4. Clinical Associations with PPARγ in Lung Cancer
Analysis of human lung tumors has
reported that decreased expression of PPARγ is correlated with a poor prognosis [26]. Further work indicated that expression of
PPARγ as detected by immunohistochemistry was
more frequently detected in well-differentiated adenocarcinomas, compared to
poorly differentiated ones. Recently, a retrospective study
demonstrated a 33% reduction in lung cancer risk in diabetic patients using the
TZD rosiglitazone [27]. An even more dramatic reduction
was observed in African-American patients (75%). This
decreased risk appeared to be specific for lung cancer, and no protective
effect was observed for prostate or colon cancer. Genetic variants in the PPARγ gene have been identified which are associated with a decreased
risk for lung cancer [28]. These findings suggest that
chemoprevention strategies using PPARγ activators may be an attractive approach in patients at risk for
lung cancer, and that polymorphisms in the PPARγ gene may be a way to screen those patients. There are several chemoprevention trials
being initiated using TZDs. However, a
concern in these studies is the association of higher rates of adverse cardiac
events with chronic TZD treatment,
especially with rosiglitazone [29]. As discussed below, agents which target PPARγ through alternative pathways may therefore represent novel
therapeutic targets.
5. Biological Effects of PPARγ in Lung Cancer Cells
A number of studies have
examined the effects of TZDs on the growth of lung cancer cells. The majority of these studies have focused on
NSCLC. Administration of TZDs has been
shown to inhibit growth and induce apoptosis in numerous NSCLC cell lines [30–34]. While the mechanisms for these effects are
not completely understood, they appear to be mediated through both PPARγ-dependent and independent effects. Induction of apoptosis may involve the tumor
necrosis factor-related apoptosis-inducing ligand (TRAIL)-induced apoptosis in
some cancer cell lines [35]; these effects appear to be mediated through PPARγ-independent pathways. Recent studies have also demonstrated that
PPARγ activation induces proline oxidase,
which will result in increased production of cytotoxic reactive oxygen species
(ROS) [36].
Growth arrest may be mediated through induction of the cyclin
kinase inhibitor p21 [37]. In this case, the mechanism of
action involves PPARγ-dependent induction of p21 through interactions with other
transcription factors. Several
studies, including work from our own laboratory have demonstrated that
activation of PPARγ leads to promotion of a more highly
differentiated phenotype in NSCLC [32, 38]. This can be assessed by growing cells in
3-dimensional tissue culture, which has been shown to reveal epithelial
features. E-cadherin is perhaps to most
widely studied marker of epithelial differentiation, and both pharmacological
PPARγ activators and molecular overexpression
of PPARγ had shown increased protein and mRNA
for E-cadherin. Epithelial mesenchymal
transition has been associated with cancer progression and metastasis [39].

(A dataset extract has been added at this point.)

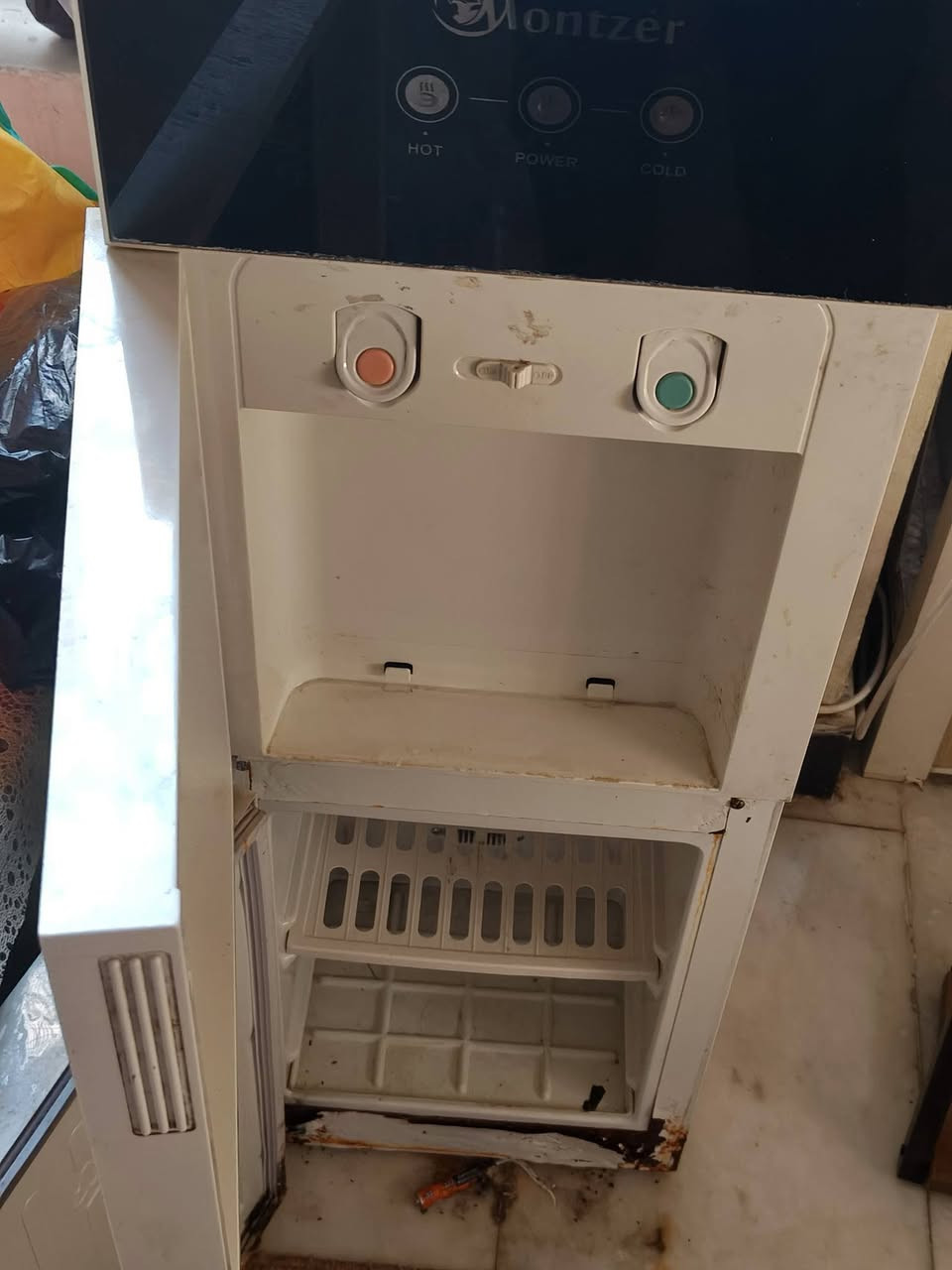 براد ماء  كلشي جاهز وشغال فقط بي زنجار
بغداد جمعية خير الله   
السعر 65 
*********** وأتساب
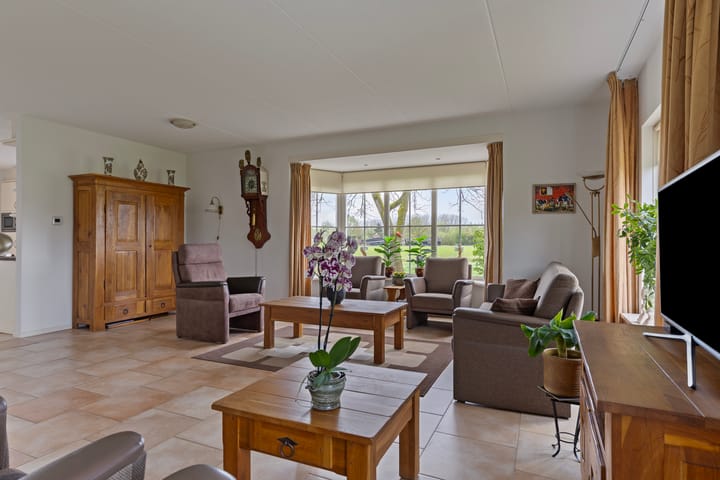 Photo 7 of Bekenwalweg 2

While this is still somewhat of a controversial area [40], activation of PPARγ in lung cancer cells appears to inhibit invasiveness, at least in
part through inhibiting or reversing EMT.
It
has become evident during the past several years, that while genetic changes in
cancer cells are critical for tumor initiation, progression and metastasis entail
a critical contribution from the tumor microenvironment [41]. Specifically, interactions of
tumor cells with vascular cells, innate immune cells, and fibroblasts control
tumor angiogenesis and promote a more aggressive phenotype. These cell-cell interactions are mediated
through cytokines and growth factors initially produced by the tumor cells
which recruit stromal cells. Among these
cytokines are factors such as MCP-1 and CCL5, critical for macrophage
recruitment, and VEGF and other proangiogenic cytokines such as IL-8 which
recruit vascular cells [42].
Transcriptional control of these factors is mediated by multiple
transcription factors, but specifically, it has been shown that two specific
factors, NF-κB and HIF-1, are critical for many of these molecules. Several studies have demonstrated that PPARγ activation can inhibit activation of NF-κB in NSCLC [43, 44].
While effects on HIF-1 have not been documented in lung cancer cells,
PPARγ has been shown to inhibit HIF-1 in other systems [45]. These data indicate that
activation of PPARγ may disrupt communication between cancer cells and the
surrounding tumor microenvironment, thus blocking progression and metastasis,
distinct from antiproliferative effects on the tumor cells. In lung cancer, where metastasis has often
occurred at the time of diagnosis, agents, which specifically target
tumor-stromal interactions, represent a novel therapeutic approach.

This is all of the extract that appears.